- [Data provided]
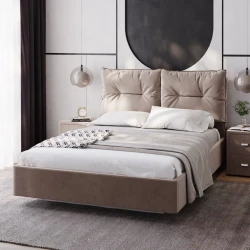 Двуспальная кровать Art_ikili_yataq (180) 42, ламинат, коричневая, 200x180x120 см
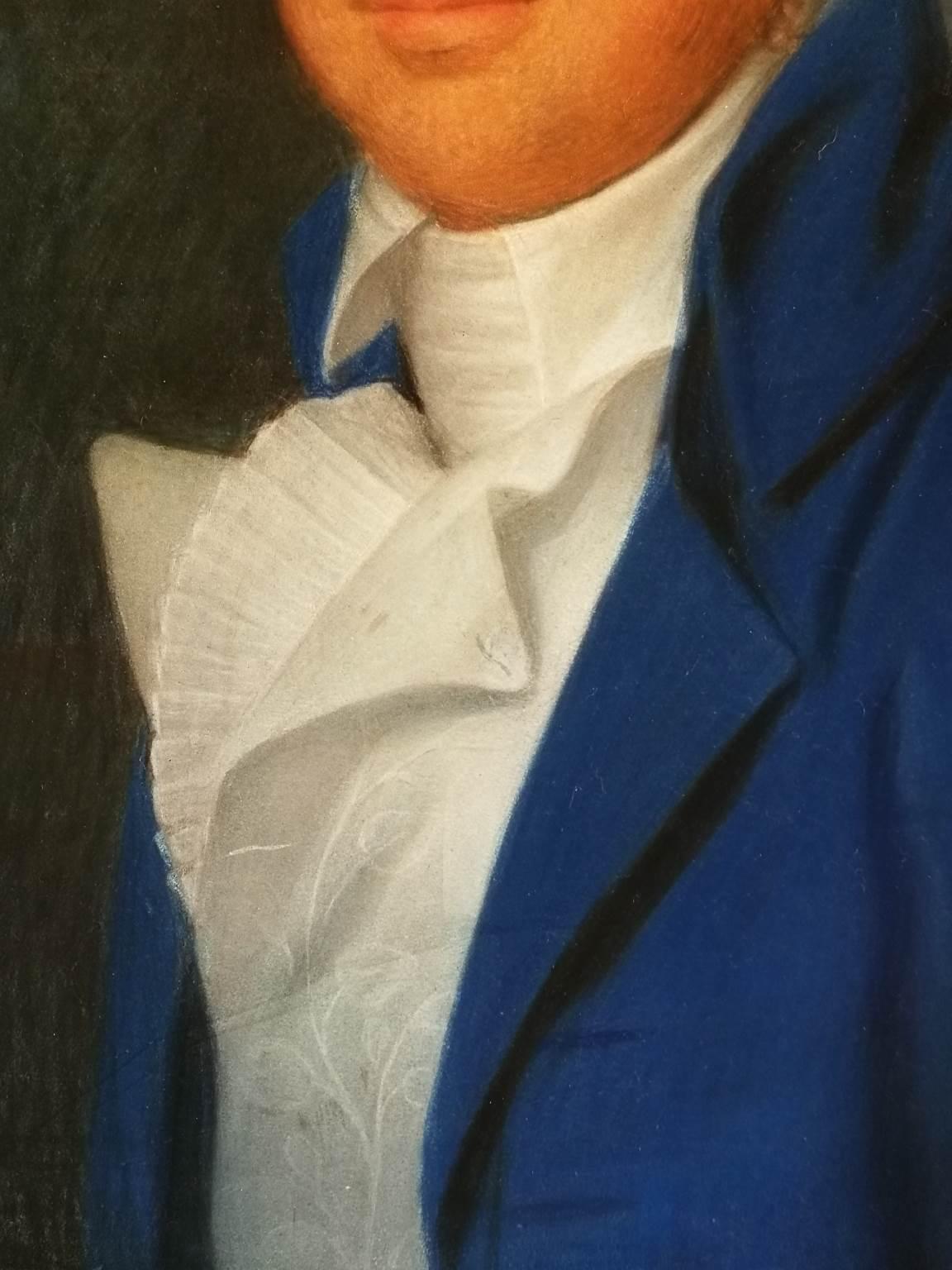Due ritratti figurativi aristocratici pastelli su pergamena primi del XIX secolo For Sale 1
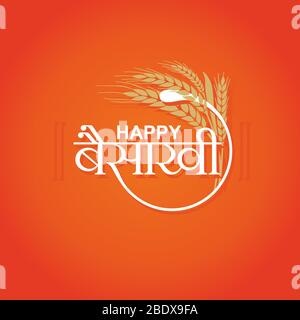 Hindi Typografie 'Happy Baisakhi' - Indisches Festival Banner Stockfoto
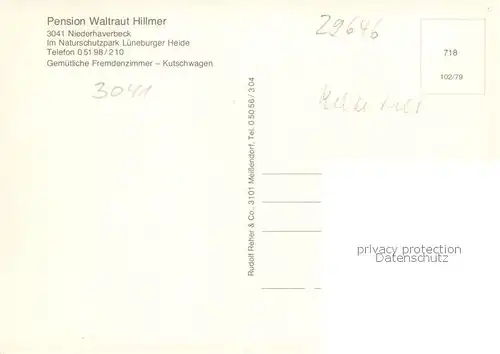 AK / Ansichtskarte  Niederhaverbeck_Bispingen Pension Waltraut Hillmer 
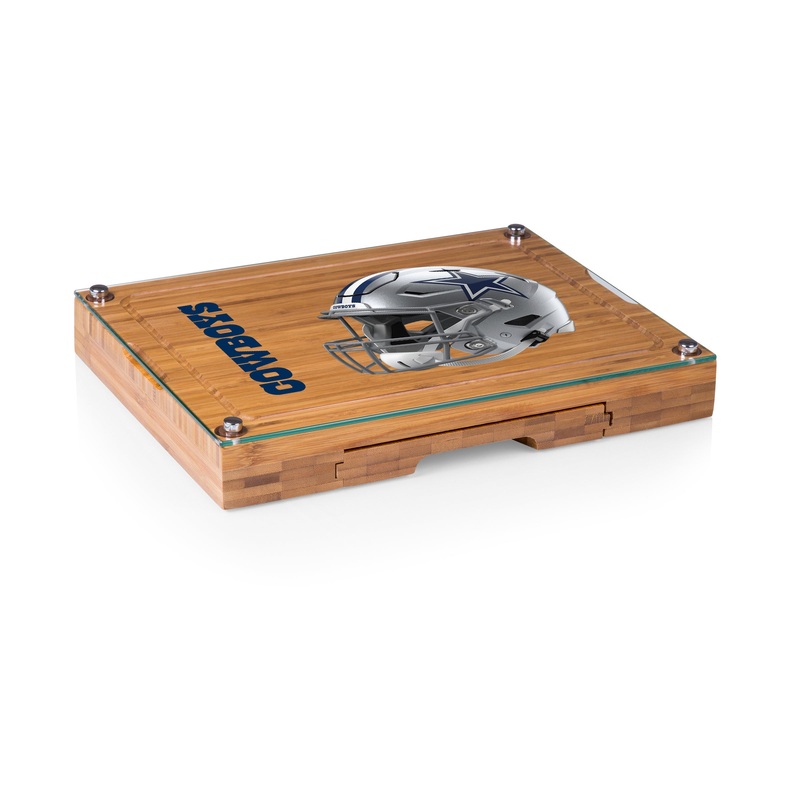 Dallas Cowboys - Concerto Glass Top Cheese Cutting Board & Tools Set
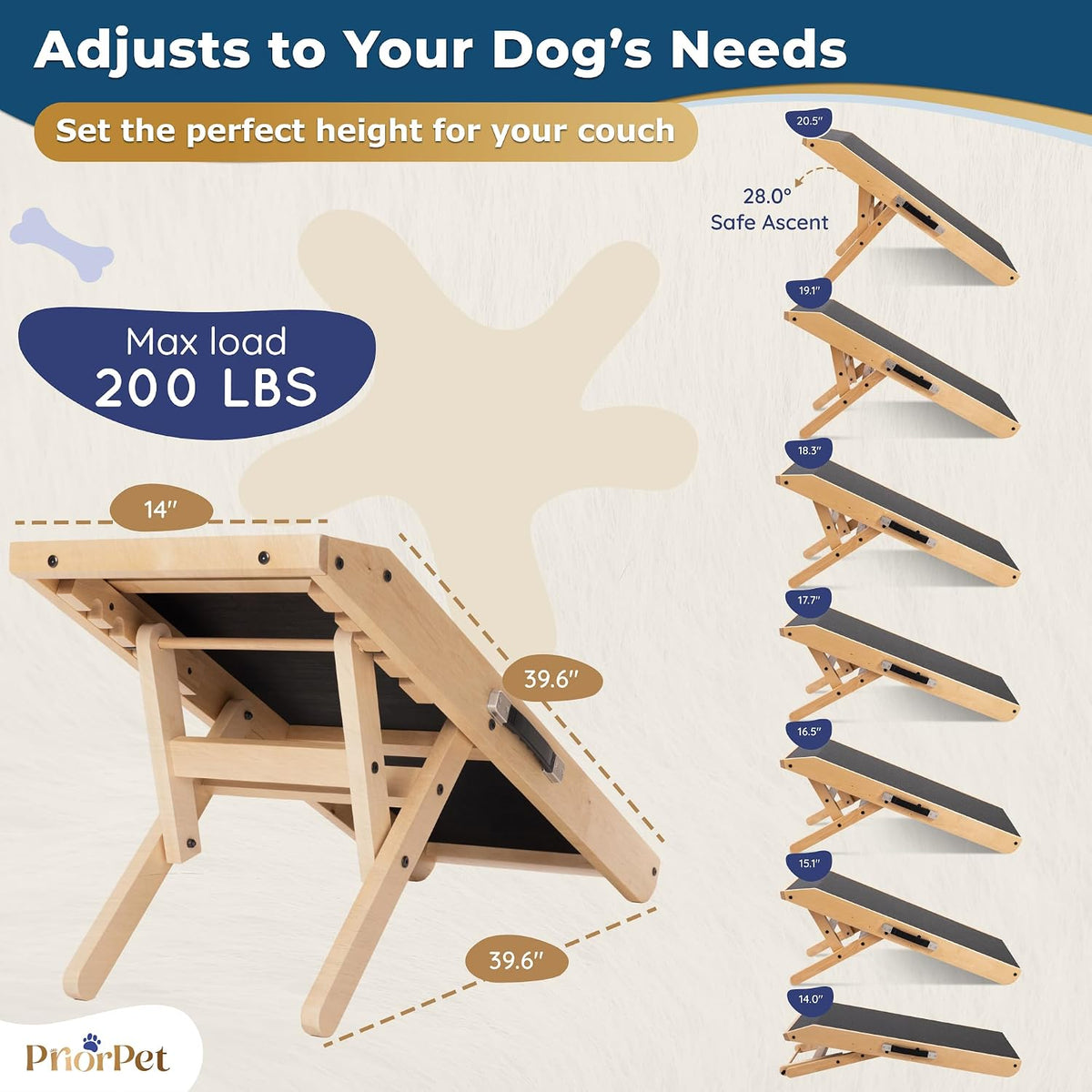 Dog Ramp for Couch – Non-Slip, Sturdy Build Foldable Wooden Dog Ramp – Supports up to 200 lbs – 7 Adjustable Heights (14"–20.5") – Enhanced Stability – Birchwood Pet Ramp for Small Dogs – Natural
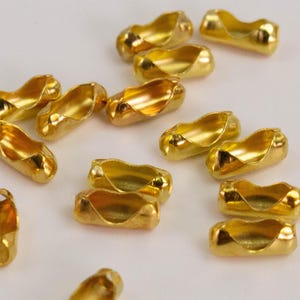 100 conectores de cadena de bolas chapados en oro para cadenas de 1,5 mm y 1,2 mm - Tipo inserto - BALLCON15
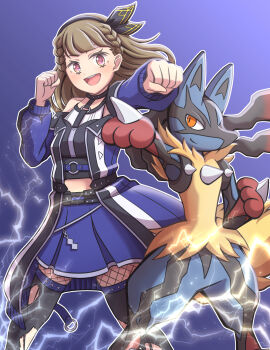 1girl 1other ampere_(love_live!) arm_up black_pantyhose black_shirt black_thighhighs blue_coat braid brown_hair center-flap_bangs coat commentary_request crossover electricity feet_out_of_frame fishnet_pantyhose fishnets ganbarai gen_4_pokemon highres kachimachi_kosuzu link!_like!_love_live! long_hair looking_at_viewer love_live! lucario mega_lucario mega_pokemon midriff nintendo off-shoulder_coat off_shoulder orange_eyes outline outstretched_arm pantyhose pink_eyes pokemon pokemon_(creature) purple_background shirt side_braids sleeveless sleeveless_shirt thighhighs torn_clothes torn_thighhighs v-shaped_eyebrows white_outline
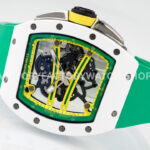 ZF Factory Richard Mille RM 061-01 Yohan Blake 42.7mm White Ceramic Green Rubber Strap Skeletonized Green Dial (8) ZF Factory Richard Mille RM 61-01 Yohan Blake 42.7mm White Ceramic Green Rubber Strap Skeletonized Green Dial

- [Exercise brief]
Quote exactly the lines from the line that contains "AK / Ansichtskarte" through the last line of the listing, please, leaving out all pictures.

- [Response area]
 AK / Ansichtskarte  Niederhaverbeck_Bispingen Pension Waltraut Hillmer 
 Dallas Cowboys - Concerto Glass Top Cheese Cutting Board & Tools Set
 Dog Ramp for Couch – Non-Slip, Sturdy Build Foldable Wooden Dog Ramp – Supports up to 200 lbs – 7 Adjustable Heights (14"–20.5") – Enhanced Stability – Birchwood Pet Ramp for Small Dogs – Natural
 100 conectores de cadena de bolas chapados en oro para cadenas de 1,5 mm y 1,2 mm - Tipo inserto - BALLCON15
 1girl 1other ampere_(love_live!) arm_up black_pantyhose black_shirt black_thighhighs blue_coat braid brown_hair center-flap_bangs coat commentary_request crossover electricity feet_out_of_frame fishnet_pantyhose fishnets ganbarai gen_4_pokemon highres kachimachi_kosuzu link!_like!_love_live! long_hair looking_at_viewer love_live! lucario mega_lucario mega_pokemon midriff nintendo off-shoulder_coat off_shoulder orange_eyes outline outstretched_arm pantyhose pink_eyes pokemon pokemon_(creature) purple_background shirt side_braids sleeveless sleeveless_shirt thighhighs torn_clothes torn_thighhighs v-shaped_eyebrows white_outline
 ZF Factory Richard Mille RM 061-01 Yohan Blake 42.7mm White Ceramic Green Rubber Strap Skeletonized Green Dial (8) ZF Factory Richard Mille RM 61-01 Yohan Blake 42.7mm White Ceramic Green Rubber Strap Skeletonized Green Dial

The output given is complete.